GI Joe talks about knowing

.But, before we get into the methodology and the doing, let’s talk about tools used. We are actually only using two tool to build out the functionality found with in this post, reports and formulas. However, because the methodologies discussed below is different than most organizations approach to cleaning data (Ocean…Boiling) there will be work on you to get folks bought into the ideas of not just trying to clean everything. So, I guess if you want to get technical, a third tool is the soft grey matter inside your noggin!

First things first. To help me “Know” and “Classify” my data, I am going to write a report that has two bucket fields, “Customer” and “Pipeline”. The bucket fields are looking at two custom field that are rollups counting the number of booked opportunities and the number of open opportunities. These are my two primary classifications because I am going to use a combination of these two classifications to score the value of an account to my company.

1)      Non Customer, No Pipeline (Least Valuable)

2)      Non Customer, Pipeline

3)      Customer, No Pipeline

4)      Customer, Pipeline (Most Valuable)

My fictional org for “Kramerica” wants all 481k of their accounts cleaned. Before jumping in and just starting to cleanse, I set up a report that breaks down an account based on past purchases and pipeline. Just by using two bucket fields, I can see that 14,000 accounts (About 3%) that are high value (Customer with Pipeline), 13,000 (3%) are medium value (Non Customer with Pipeline) and 54,000 accounts (11%) that are medium value (Customer No Pipe or Non Customer Pipe). I have just reduced the pool of accounts that should be cleansed by nearly 83%.

Numbers don't lie

Dry those eyes, it is not as bad as it seems

Unfortunately, there is still a number that is not very friendly standing between us and Maragriatville.

Margaritaville is real, google maps told me!

Which is just outside of Dallas apparently.

So, we are going to take things up a notch and write a set of formulas that will score the data that is entered on our account records. The folks in charge of data management (and that might be you), decided that Address, Phone and Website were most important. Yeah, I didn’t put state / country, but that is because of the change making it a picklist field, and we will just assume Kramerica is using the picklists. I am going to end up creating four formula fields. Three formulas will look at the data contained in the three fields. The fourth field will sum the scores of the three fields and then based on the totals, grade the data “Good”, “Acceptable” and “Poor”. The formulas don’t have to be complex, even something basic like if(len(FIELD=0,1,0), which will check for the presence of any data in those fields.

Just the ones that matter

In this case, red is good because red = less work!

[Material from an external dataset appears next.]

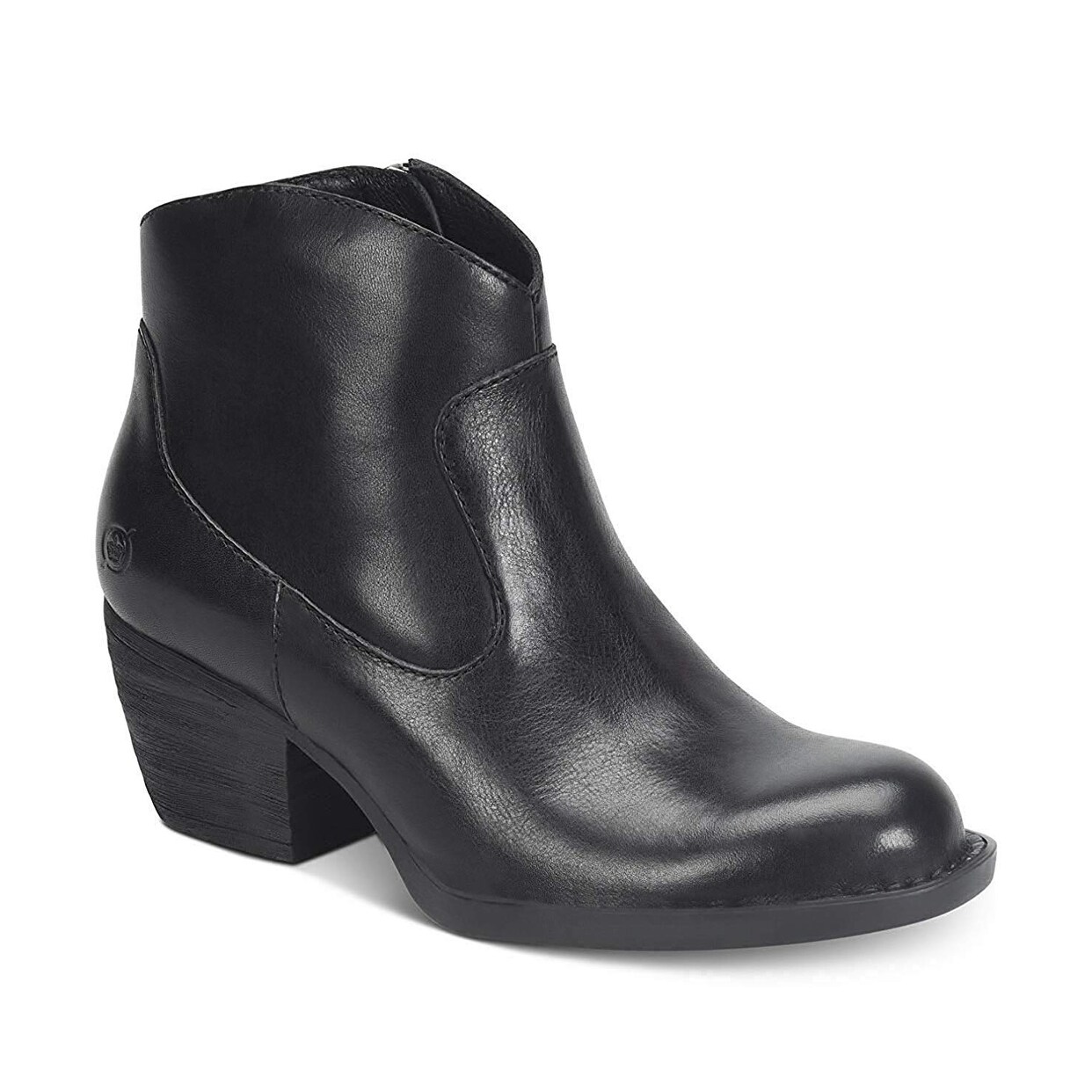 shoes born woman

That was a fun diversion, now, go back to the original reports with primary / secondary classifications. We add in the data grading field. Now, you can see how many of your most valuable accounts actually need the most help. In the case of Kramerica, we want to distil down that 14% (68k accounts) even further so we can focus on valuable accounts that have a data score of zero (no values in any of the fields) or one (at least one field has some data in it). Applying the formulas and the buckets to my data set reduces the amount of accounts I need to look at from 54,000 to 18,000.

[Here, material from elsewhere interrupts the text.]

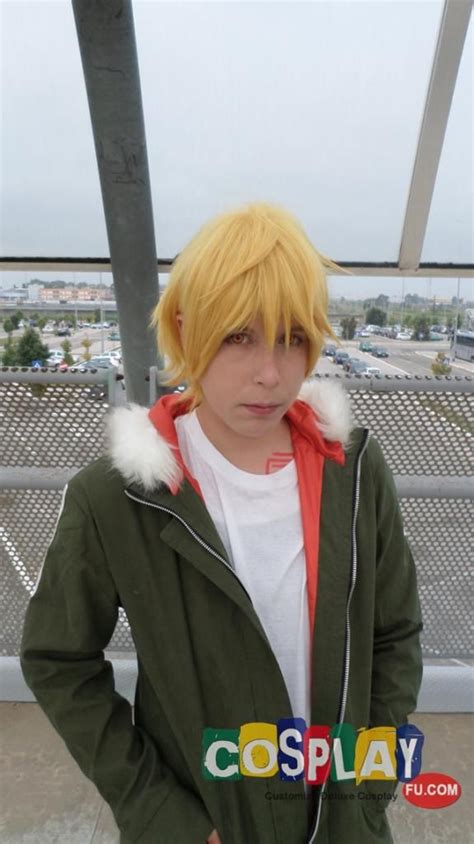 Yukine Cosplay Costume (Coat) from Noragami | Raincoat outfit, Stylish ...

I think this deserves a quick, bullet pointed recap:

–        Initial data set, 480k accounts

–        Valuable Accounts:

o   Customer / Pipeline (Most) 14,000

o   Pipeline / Non Customer 13,000

o   Customer / No Pipeline 54,000

–        Data scoring of valuable accounts:

o   Zero data score = 5,000

o   One data score = 13,000

–        Reduced my “need to clean” by nearly 90+%

My SFDC admin is amazing

I get this way whenever I shake loose a bit more time in the day.

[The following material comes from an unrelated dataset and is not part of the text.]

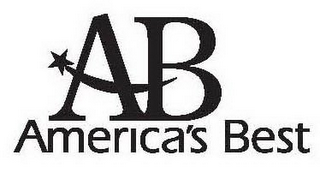 AB AMERICA'S BEST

Yeah, that is pretty awesome. However, there is the question of what do to with all those “other” accounts. Here is where it goes from awesome to AWESOME (in a monster truck voice). Since you have already established what makes an account valuable, once an account meets a certain threshold (gets pipeline), you know that it then needs to be cleaned up…and of course, you know what needs to be cleaned up because you are already scoring it.

2014-06-01 20_51_21-awesome monster truck - Google Search

 

PS – For bonus points, create a nice email alert telling the reps their data is bad, and make it so it sends them that notice every time they edit the account OR opportunity…just put on a timer so it only sends once per day!